From the first phone call to the one-year warranty walkthrough — exactly what it looks like to build a custom home with Northwest Custom Homes in North Idaho. Six phases, typically 12 to 20 months end-to-end.

The quick version

  • Phase 1 — Discovery (1–2 weeks): Pre-construction consultation, lot walk, budget conversation

  • Phase 2 — Design (2–4 months): Architectural drawings, interior design, itemized bid, signed agreement

  • Phase 3 — Pre-construction (1–3 months): Permits, engineering, finalized selections, site prep

  • Phase 4 — Construction (9–14 months): Foundation through final finish, with scheduled client walk-throughs

  • Phase 5 — Completion (2–3 weeks): Final walkthrough, punch list, certificate of occupancy, move-in

  • Phase 6 — Warranty (12 months+): One-year walk, ongoing workmanship warranty, continued support

Total elapsed time from first call to move-in: 12 to 20 months, depending on size, complexity, and lot.

Phase 1 — Discovery

What happens: you call 208-660-2896 or email Fendich.eric@gmail.com, we schedule a 45-minute pre-construction consultation, and Eric walks your lot (or reviews lots with you). We talk through your floor plan ideas, timeline, and target budget.

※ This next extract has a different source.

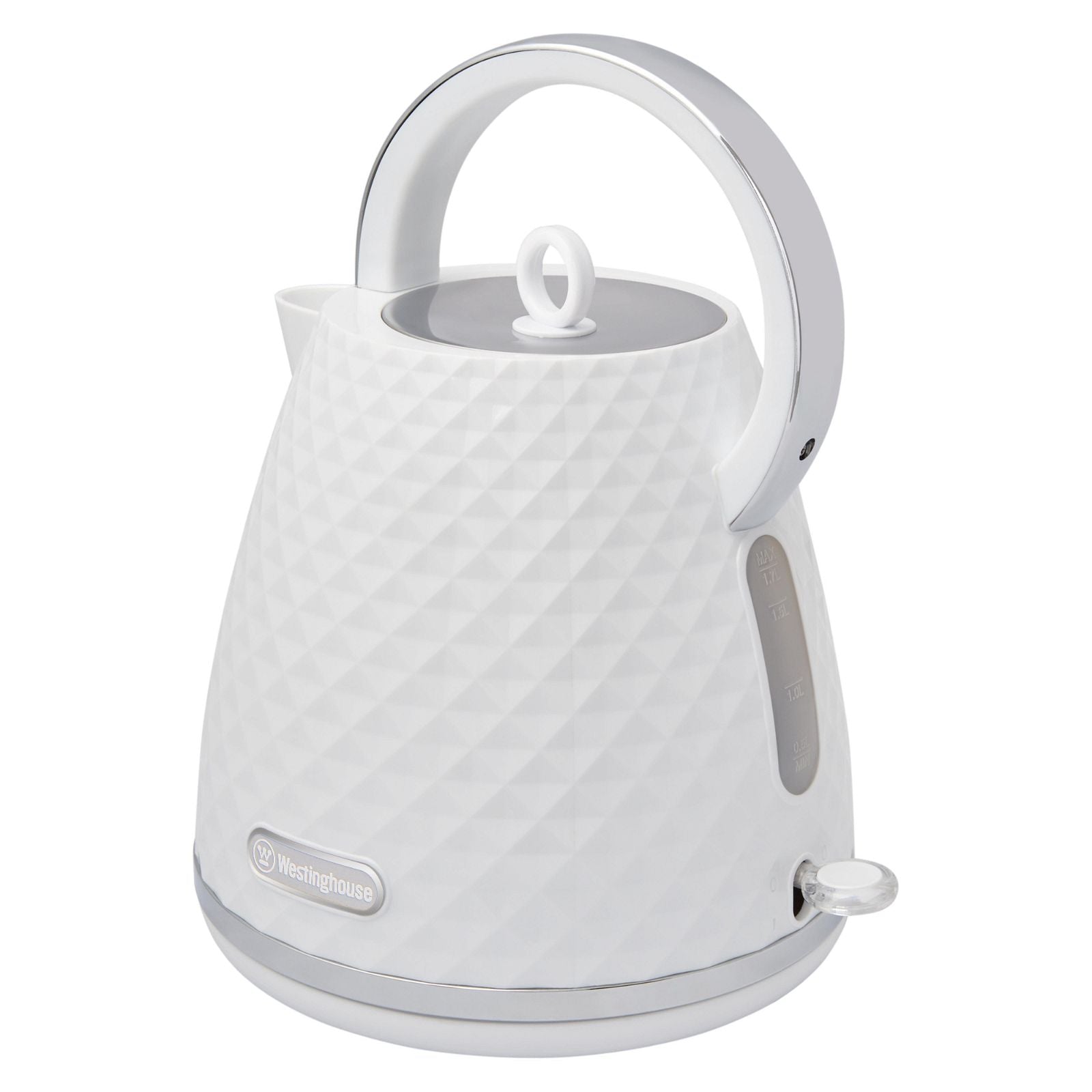 Westinghouse Kettle and Toaster Pack White Diamond 1.7L Kettle, 2 Slice Toaster -  -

What you walk away with: an honest read on whether the project is feasible at your target budget, what your lot will cost to build on, and whether NW Custom Homes is the right team for your build. If we're not the right fit, we'll tell you — no high-pressure pitch.

Cost: free. No deposit required to talk.

Phase 2 — Design

What happens: if you're moving forward, we start architectural design in-house — either customizing one of our existing plans (Oakhaven, Stonebridge, Belmont Manor, and more) or creating a new plan from scratch. Luba begins interior design in parallel so exterior and interior develop together, not in sequence. Structural engineering gets scheduled. You review and refine drawings until the house is right on paper.

What you'll see: preliminary floor plans, exterior elevations, interior mood boards, material samples, and a full itemized bid — line by line by category — so you can see exactly what you're spending on framing vs. cabinets vs. roofing vs. landscape.

What you'll sign: a construction agreement with a detailed scope, a written timeline, and the itemized bid as an exhibit. You won't be surprised by what's in or out of scope later.

Phase 3 — Pre-construction

What happens: we pull permits, finalize engineering, lock in finish selections (you'll walk our trusted vendors for cabinets, flooring, tile, lighting, and plumbing), schedule subcontractors, and prepare the site. If you're buying or clearing a lot, this is when we work with the surveyor and excavator to get it ready.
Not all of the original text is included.